WORK INSTRUCTION: Leave the pictures out and repeat the rest of the data below exactly.

(Captioned web images)
>>

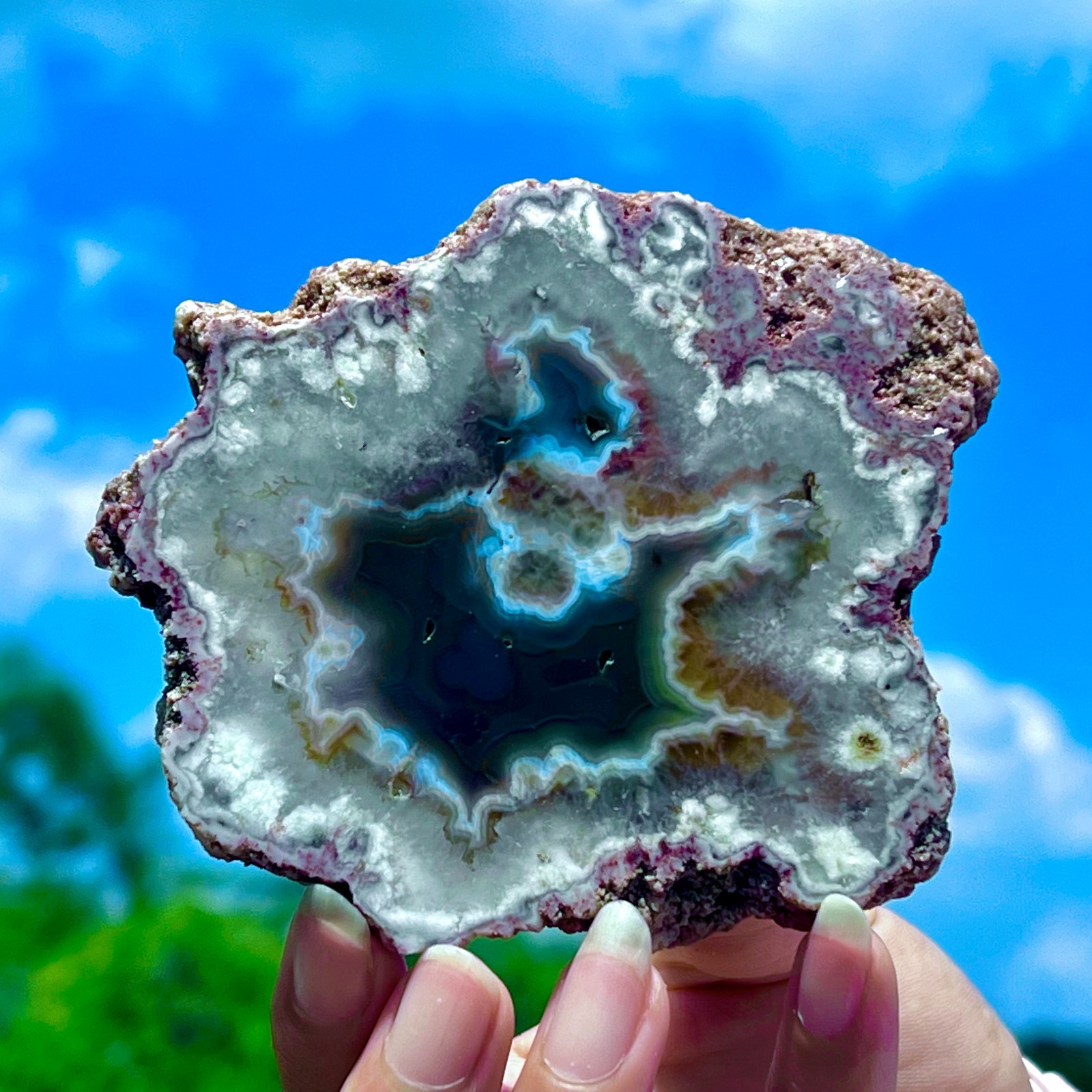 182G Natural Colorful Lace Agate Geode Slice Extra Large Gem From Argentina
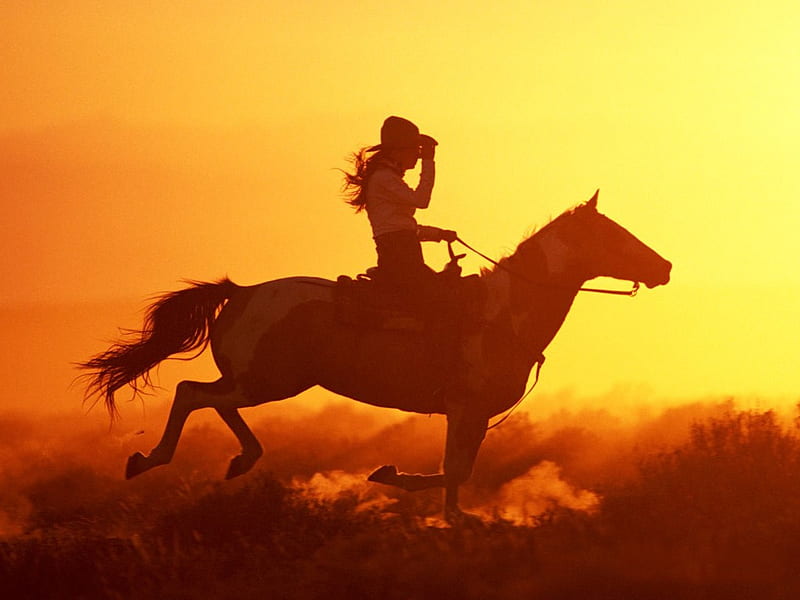 Sunset Rider, sunset, galloping, horse, rider, HD wallpaper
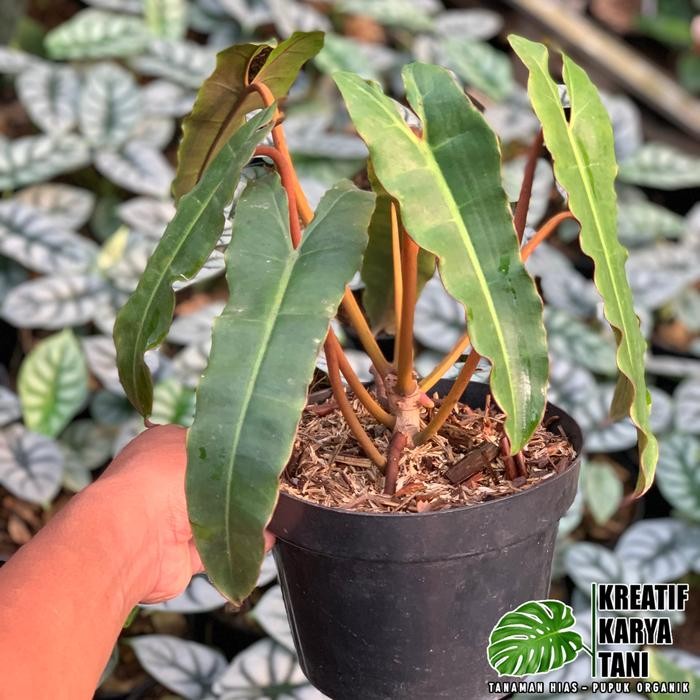 Tanaman philodendron billietiae x atabapoense - Philodendron kabel busi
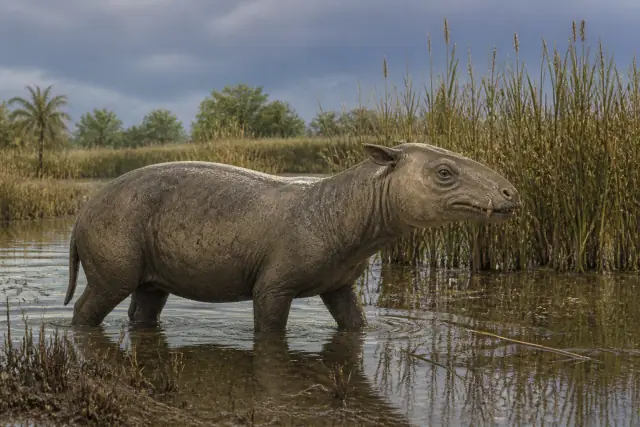 Moeritherium (Moeritherium lyonsi) · reconstrucción científica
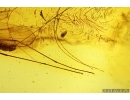 Mammalian hair and Crane fly Limoniidae. Fossil inclusions Baltic amber #13844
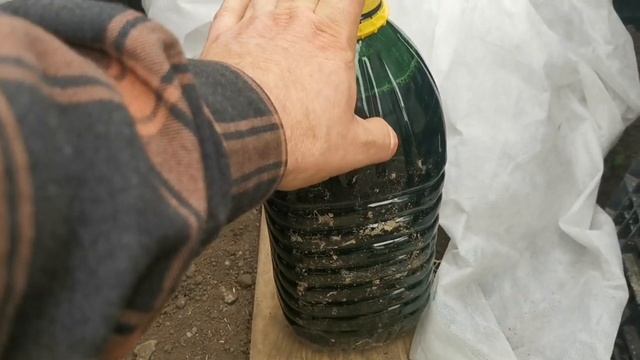 Что случилось с рассадой перца и как ей помочь, листики скручиваются лодочкой и желтеют, что делать смотреть онлайн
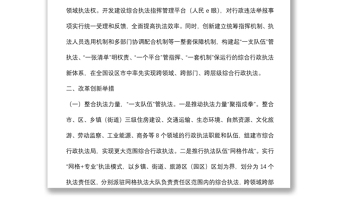 綜合行政執(zhí)法體制改革調(diào)研報(bào)告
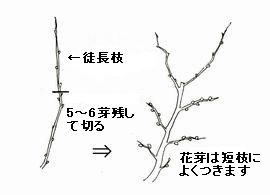 庭木の剪定と薬剤散布 杜のひろば 公益財団法人仙台市公園緑地協会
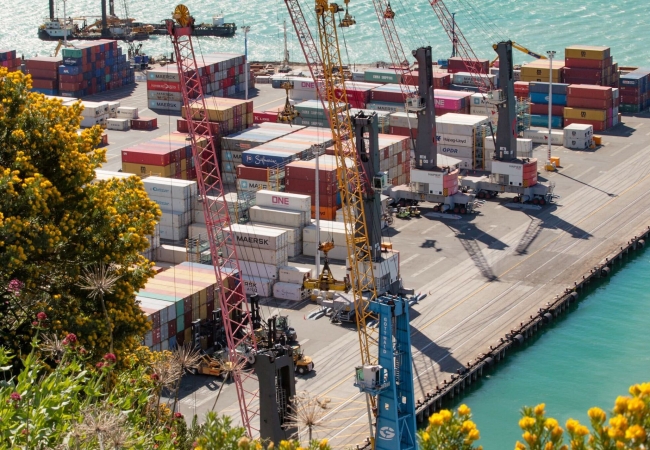New Zealand Economic Opportunities
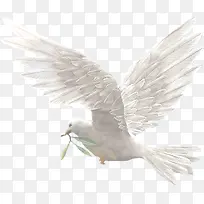 白色和平鸽橄榄枝飞翔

<<

ANSWER BELOW:
 182G Natural Colorful Lace Agate Geode Slice Extra Large Gem From Argentina
 Sunset Rider, sunset, galloping, horse, rider, HD wallpaper
 Tanaman philodendron billietiae x atabapoense - Philodendron kabel busi
 Moeritherium (Moeritherium lyonsi) · reconstrucción científica
 Mammalian hair and Crane fly Limoniidae. Fossil inclusions Baltic amber #13844
 Что случилось с рассадой перца и как ей помочь, листики скручиваются лодочкой и желтеют, что делать смотреть онлайн
 綜合行政執(zhí)法體制改革調(diào)研報(bào)告
 庭木の剪定と薬剤散布 杜のひろば 公益財団法人仙台市公園緑地協会
New Zealand Economic Opportunities
 白色和平鸽橄榄枝飞翔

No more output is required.